President Biden Must Uphold Promise to Waive COVID-19 Vaccine Patents




AHF calls on the United States President Joseph Biden to direct U.S. government representatives to vote in favor of temporarily waiving or suspending all COVID-19 vaccine patents at the upcoming World Trade Organization (WTO) General Council meeting this week. A vote by the U.S. and other wealthy nations against the waiver could mean millions more avoidable deaths, prolongation of the pandemic and a risk of new, more dangerous variants of the virus arising across the world.

“The answer is yes – yes, yes, yes,” those were the words President Biden used when activist Ady Barkan asked him in a video appeal if the United States would share COVID-19 vaccine technology with the world and ensure that no patents would stand in the way of countries and companies mass producing lifesaving vaccines. On May 5, 2021 – Mr. Biden has the chance to make good on his promise.

“Time is ticking for the world – the longer high-income countries like the U.S., U.K., Canada and European Union continue to listen to Bill Gates and block access to vaccine technology via the WTO, deadly virus strains gain strength and continue to spread globally,” said AHF President Michael Weinstein. “If we’re to stamp out COVID-19, vaccine production must be ramped up – and the only way for that to happen is for pharmaceutical companies to be mandated to put lives over profits. If there was ever a time for wealthy nations to do what is right – that time is now.”

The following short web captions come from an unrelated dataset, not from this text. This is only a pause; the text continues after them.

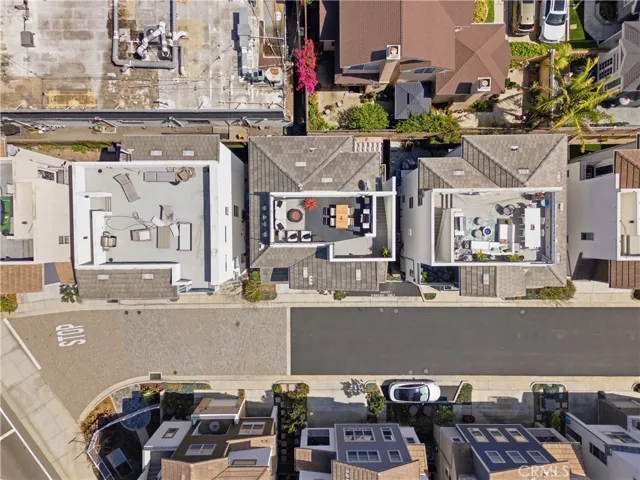2112 Tidewater Circle, Costa Mesa, California 92627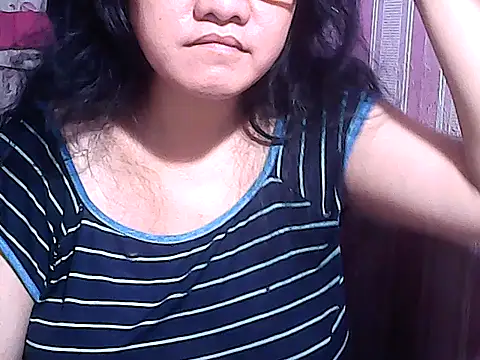 Snapshot of sweetsosie18 chatting on October 2025 04:44:02 AM sweetsosie18 online show from October 2025 04:44:02 AM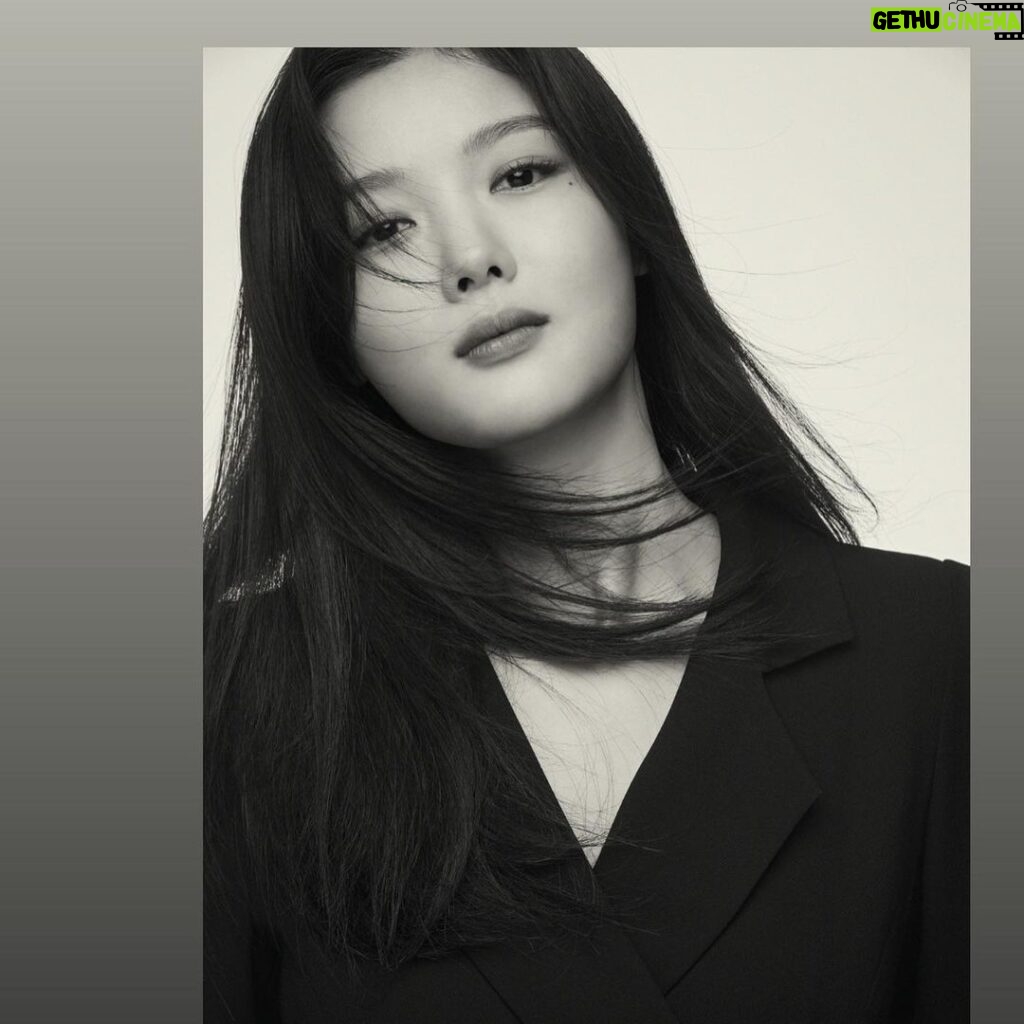 Kim You-jung Instagram - #KoreanActors200 #TheActorisPresent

For COVID-19 vaccine patents to be temporarily waived or suspended, all of the WTO’s 164 members (of which the majority are developing countries) must be in agreement. As of late April, 890 million vaccine doses had been administered worldwide – 81% were given in wealthy countries – and low-income countries received only 0.3%, according to the World Health Organization.

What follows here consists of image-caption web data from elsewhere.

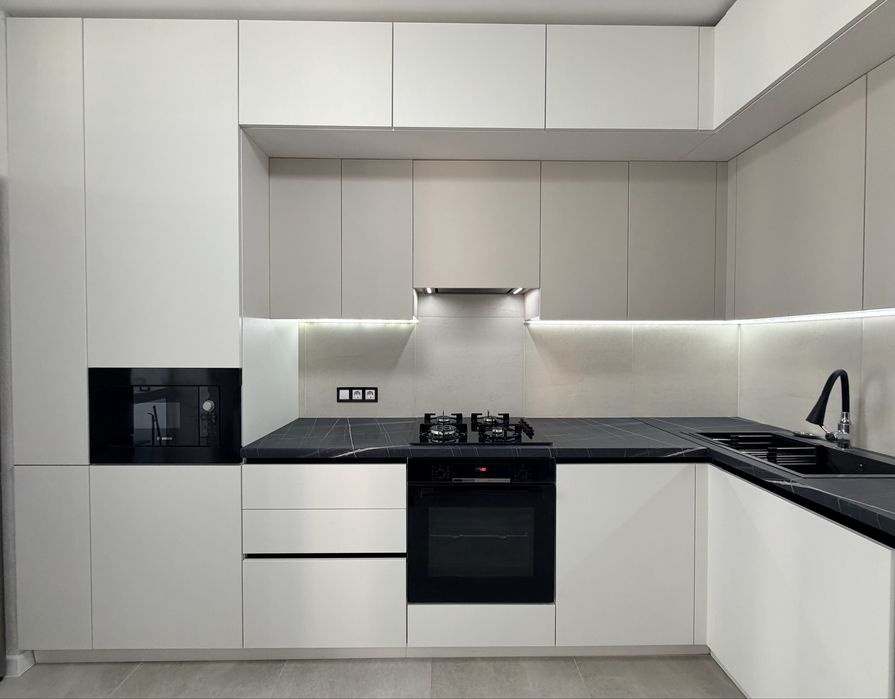 Продаж 2 кімнатної квартири 57,5 м2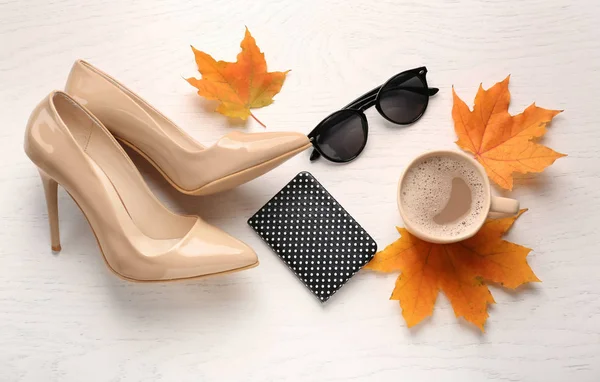 白い背景の葉のカップで香り豊かなコーヒー 女性靴 秋の組成 — ストック写真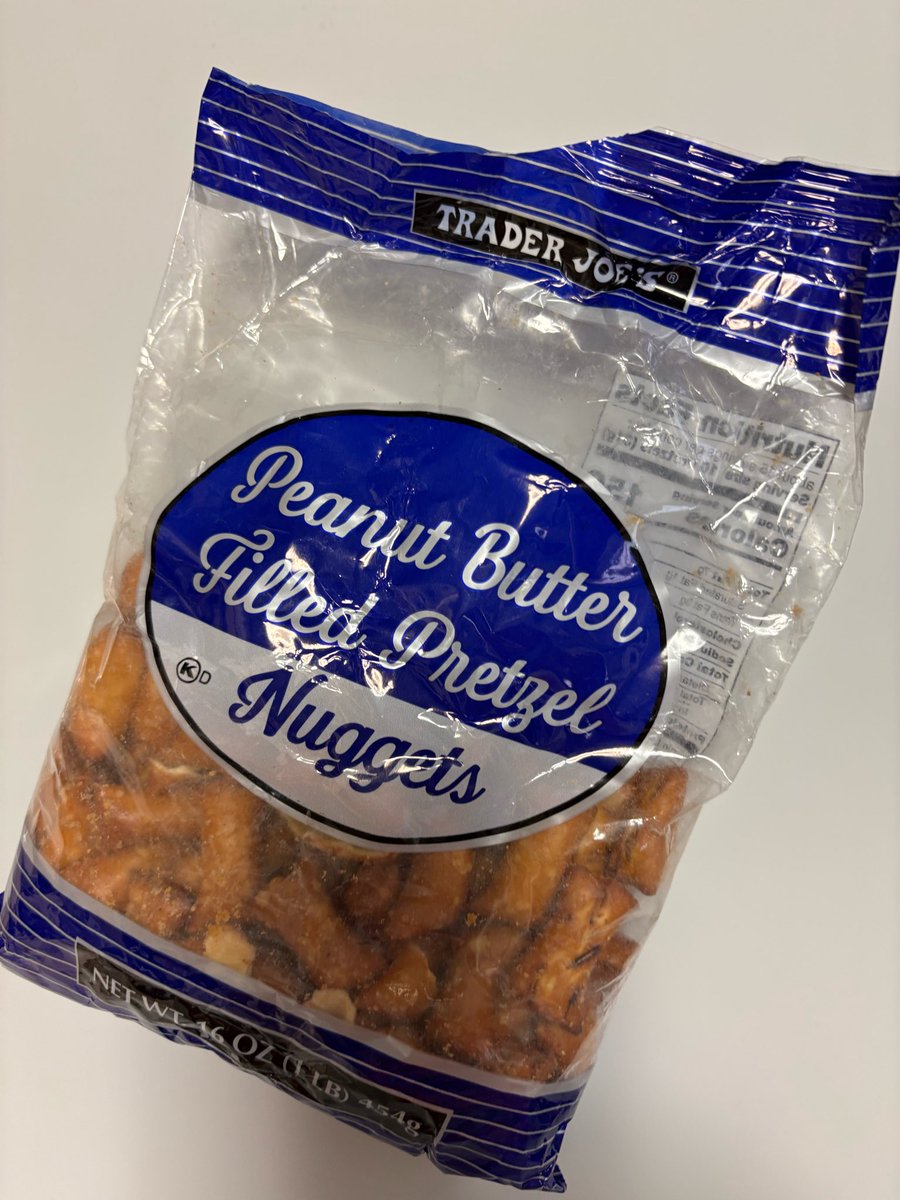 705nt's tweet photo. これも美味しい

ピーナッツバター入り　プレッツェル🥜 https://t.co/wMfLCmyiUQ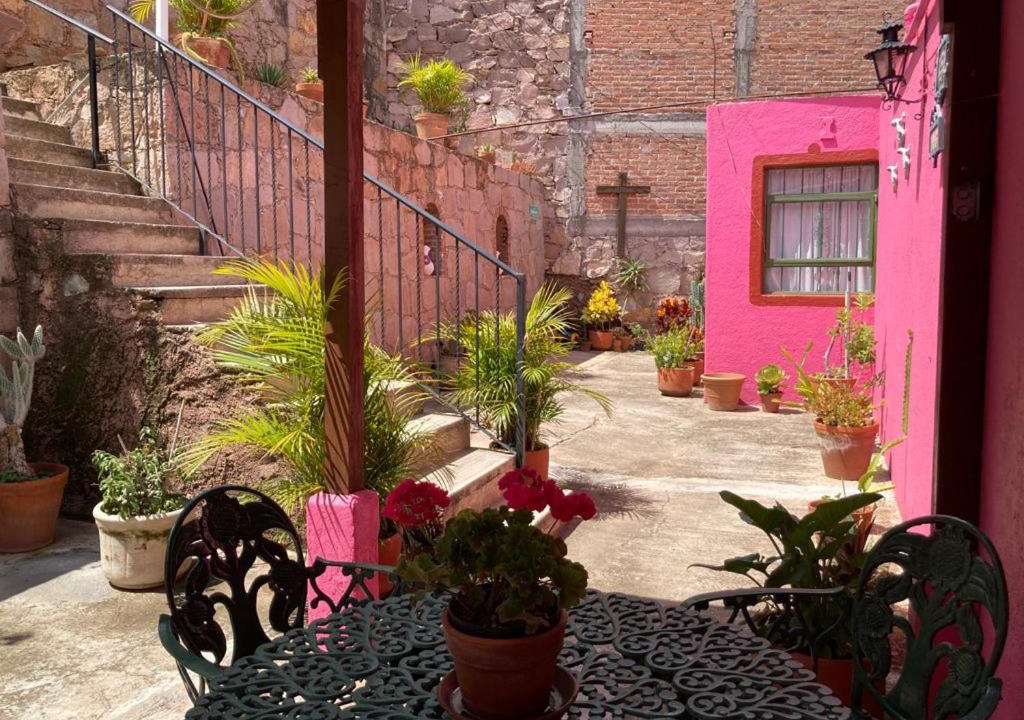De La Presa Bed & Breakfast | Casa Manzanos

Contrary to what pharmaceutical companies would like the public to believe, taxpayers have funded the vast majority of existing COVID-19 innovation. Additionally, Jeffrey Sachs writes that patent waivers “could be carefully designed and targeted” and “should be temporary, say for five years.” At the start of the AIDS pandemic, the world waited more than 10 years to get access to patents for antiretroviral medicines to treat HIV – we cannot afford to make the same mistake with COVID-19 today.